:: Supplied records

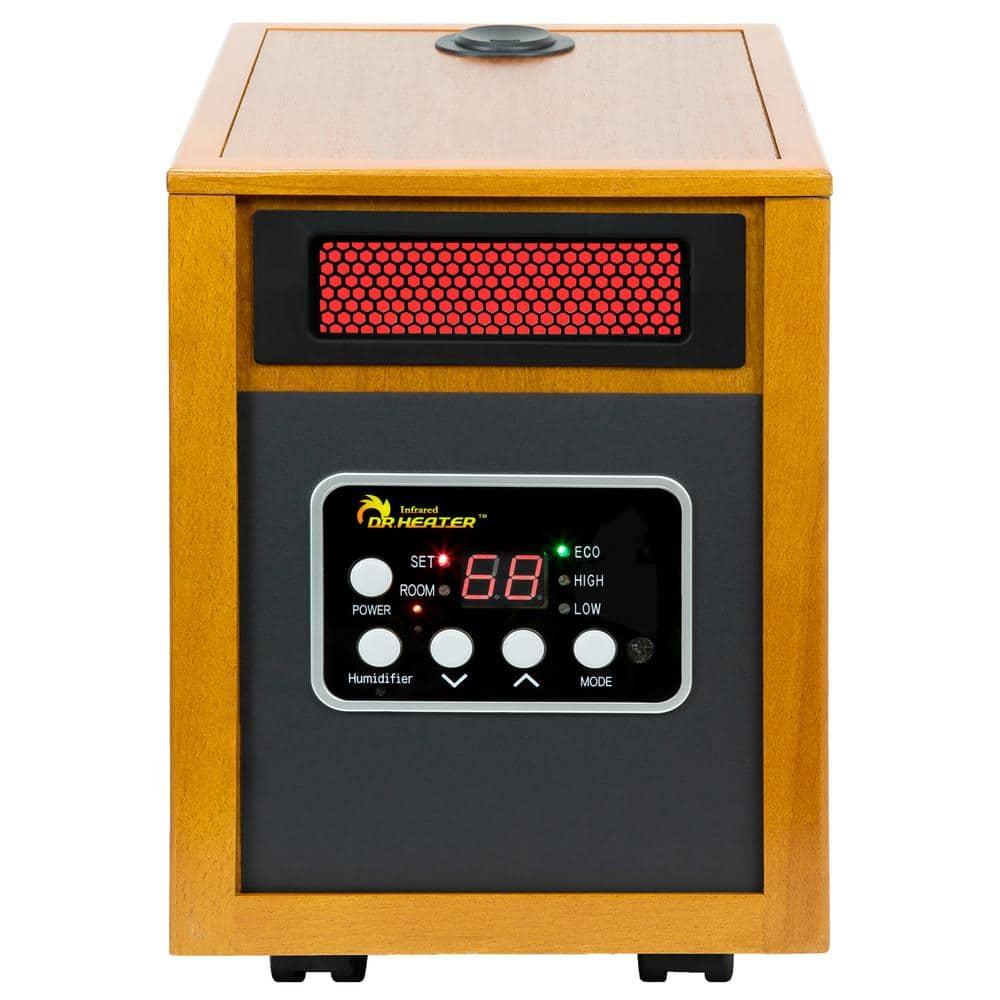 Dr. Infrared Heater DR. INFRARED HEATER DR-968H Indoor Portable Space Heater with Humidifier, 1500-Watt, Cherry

::::
:: Supplied records

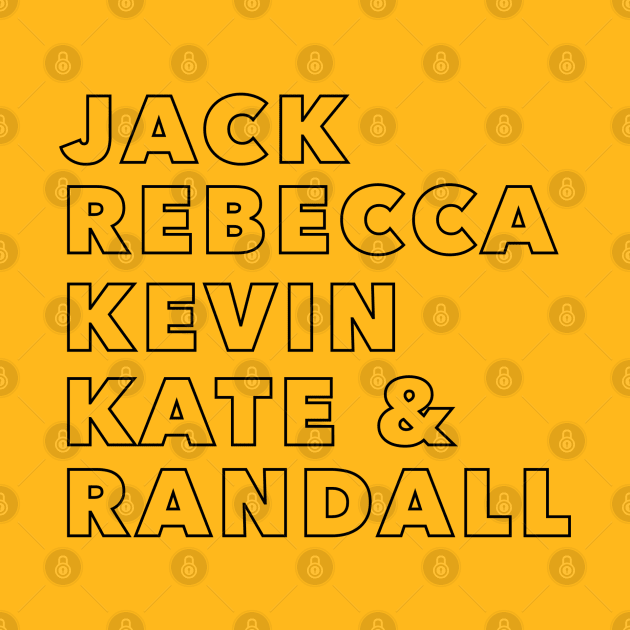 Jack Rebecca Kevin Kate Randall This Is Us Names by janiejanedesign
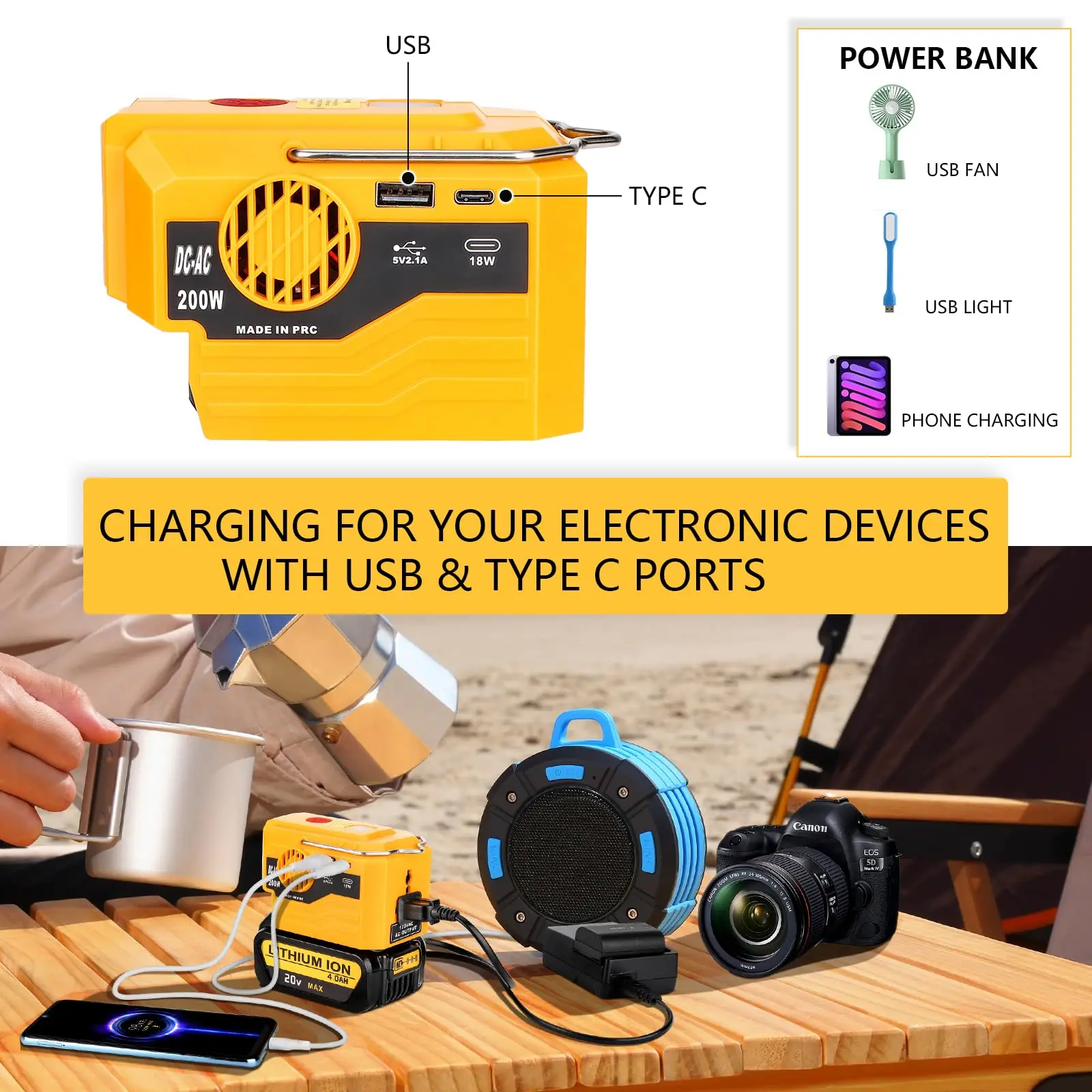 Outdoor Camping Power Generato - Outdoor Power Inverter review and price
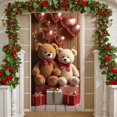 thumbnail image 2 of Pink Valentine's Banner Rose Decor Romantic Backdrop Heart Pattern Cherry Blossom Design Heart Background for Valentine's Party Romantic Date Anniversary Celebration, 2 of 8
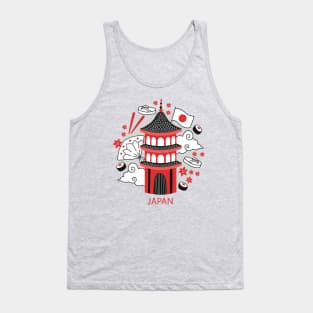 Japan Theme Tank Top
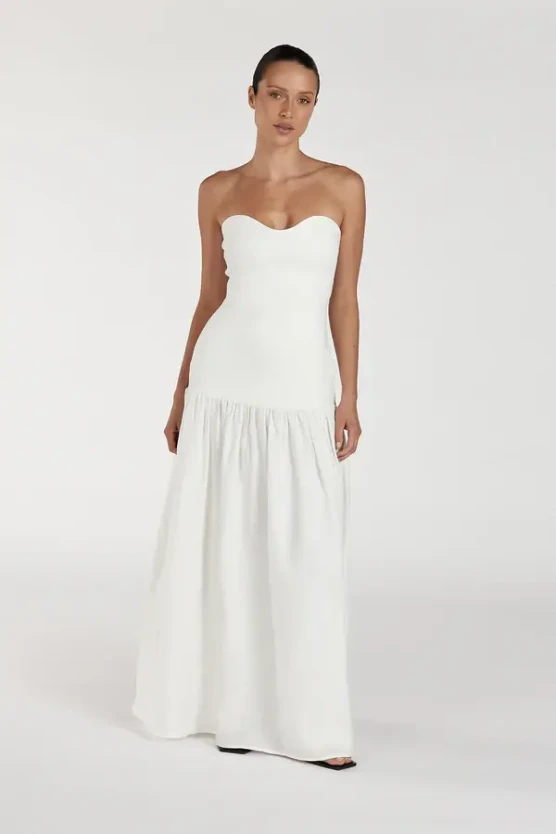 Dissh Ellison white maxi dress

::::
:: Supplied records

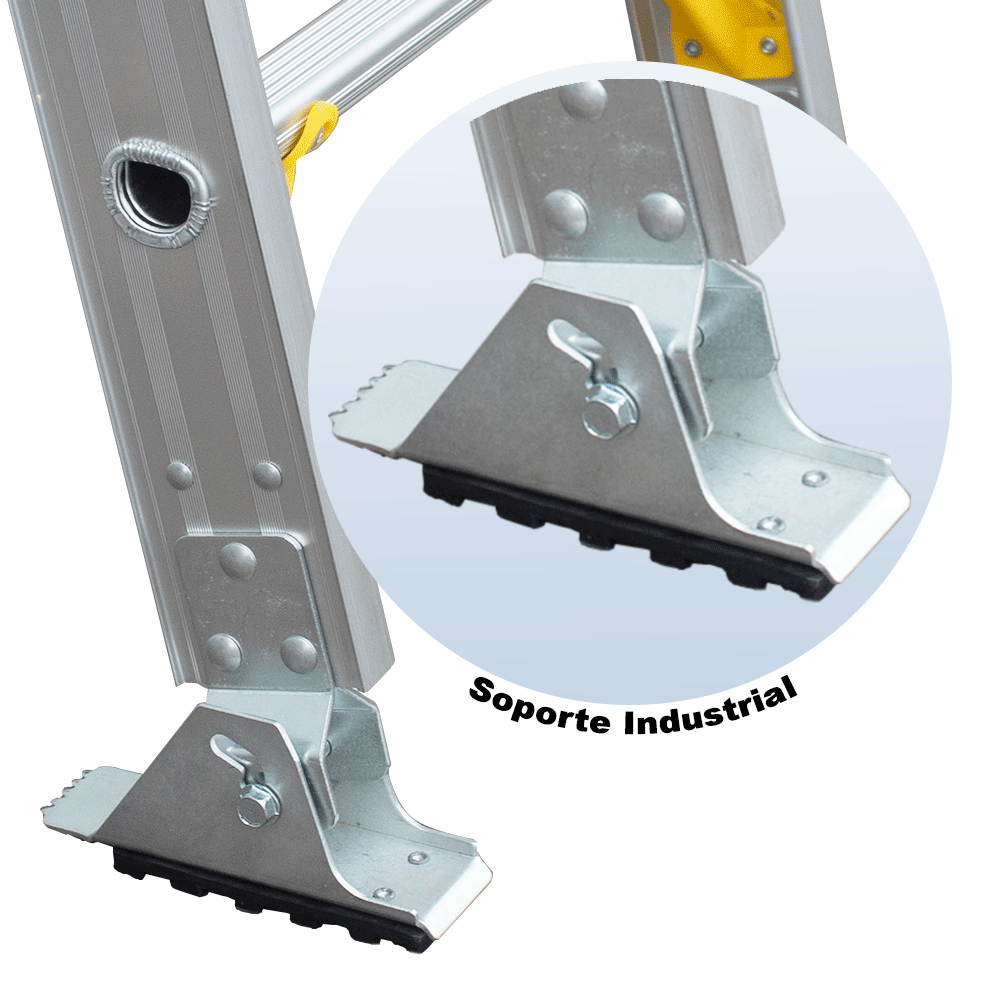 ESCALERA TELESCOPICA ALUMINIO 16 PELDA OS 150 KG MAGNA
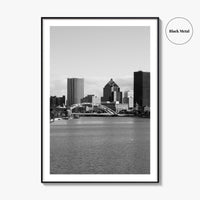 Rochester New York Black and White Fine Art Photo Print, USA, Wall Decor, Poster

::::

- _Exercise brief_: Starting at the line with "thumbnail image 2" and finishing at the line with "Dissh Ellison white maxi dress", copy the material above exactly, both lines included. Nothing else goes in, and no pictures.

- _Written solution_:
 thumbnail image 2 of Pink Valentine's Banner Rose Decor Romantic Backdrop Heart Pattern Cherry Blossom Design Heart Background for Valentine's Party Romantic Date Anniversary Celebration, 2 of 8
 Japan Theme Tank Top
 Dissh Ellison white maxi dress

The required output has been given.